Sum and Difference Formulas — Sin, Cos, Tan

Six Identities That Reduce Any Angle Sum to Familiar Pieces

Ptolemy (c. 100–170 CE) built the first trig table using a theorem about quadrilaterals — the same theorem hidden inside the modern angle-sum formulas every student now memorises.

The sum and difference formulas — also called sum and difference identities — give:

• $\sin(A \pm B)$ in terms of $\sin A, \cos A, \sin B, \cos B$.

• $\cos(A \pm B)$ in terms of $\sin A, \cos A, \sin B, \cos B$.

• $\tan(A \pm B)$ in terms of $\tan A, \tan B$.

These six identities are the bridge between "I know sine and cosine of $30°, 45°, 60°$" and "I can compute sine of $15° = 45° - 30°$ exactly."

The Six Formulas of Sum and Difference

$$\boxed{;\sin(A + B) = \sin A \cos B + \cos A \sin B;}$$ $$\boxed{;\sin(A - B) = \sin A \cos B - \cos A \sin B;}$$ $$\boxed{;\cos(A + B) = \cos A \cos B - \sin A \sin B;}$$ $$\boxed{;\cos(A - B) = \cos A \cos B + \sin A \sin B;}$$ $$\boxed{;\tan(A + B) = \dfrac{\tan A + \tan B}{1 - \tan A \tan B};}$$ $$\boxed{;\tan(A - B) = \dfrac{\tan A - \tan B}{1 + \tan A \tan B};}$$

The cosine identities carry an opposite-sign rule: the sign between the two terms is the opposite of the sign between the angles. The sine and tangent identities keep the same sign as the angle operation.

Quick facts.

• Holds for all real $A$ and $B$ — no domain restriction beyond where tan is defined.

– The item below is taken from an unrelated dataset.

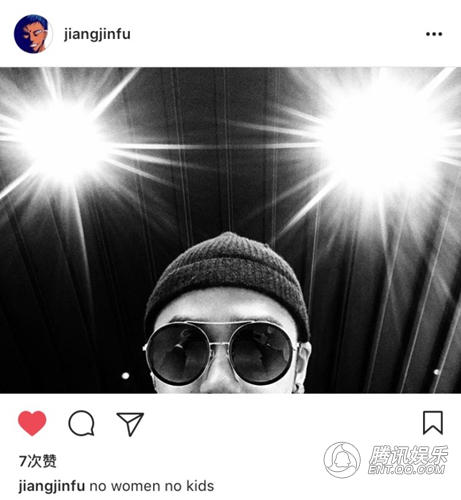 蒋劲夫八块腹肌也爱吃！不远千里喝咖啡_娱乐_腾讯网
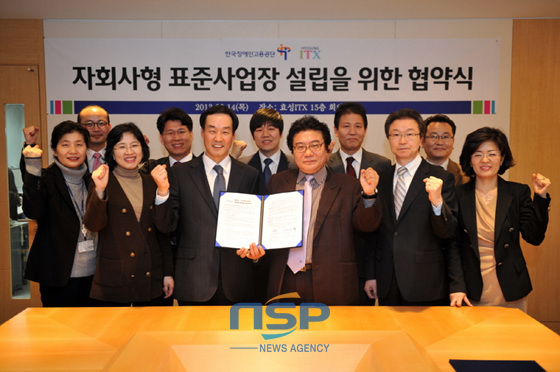 NSP통신-지난 14일 남경환 효성ITX 대표이사 이성규 한국장애인고용공단 이사장을 비롯한 관계자들이 업무협약을 맺고 있다. (한국장애인고용공단 제공)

• Tangent identity caveat: $\tan(A+B)$ is undefined when $1 - \tan A \tan B = 0$, i.e., when $\tan A \tan B = 1$ — happens for example at $A + B = \pi/2$ (then $\tan(A+B)$ blows up).

• In radians: every angle in these formulas is in radians by default for calculus contexts; degrees work identically for non-calculus contexts. The formula structure does not change.

• Reduces to double-angle identities when $A = B$: $\sin(2A) = 2\sin A \cos A$, $\cos(2A) = \cos^2 A - \sin^2 A$.

• Grade introduced: CCSS-M F-TF.C.9 (proving the addition and subtraction formulas); NCERT Class 11 Chapter 3 — Trigonometric Functions.

Double-Anchoring — Right Triangle and Unit Circle

The classic proof of $\cos(A - B) = \cos A \cos B + \sin A \sin B$ uses the unit-circle distance formula.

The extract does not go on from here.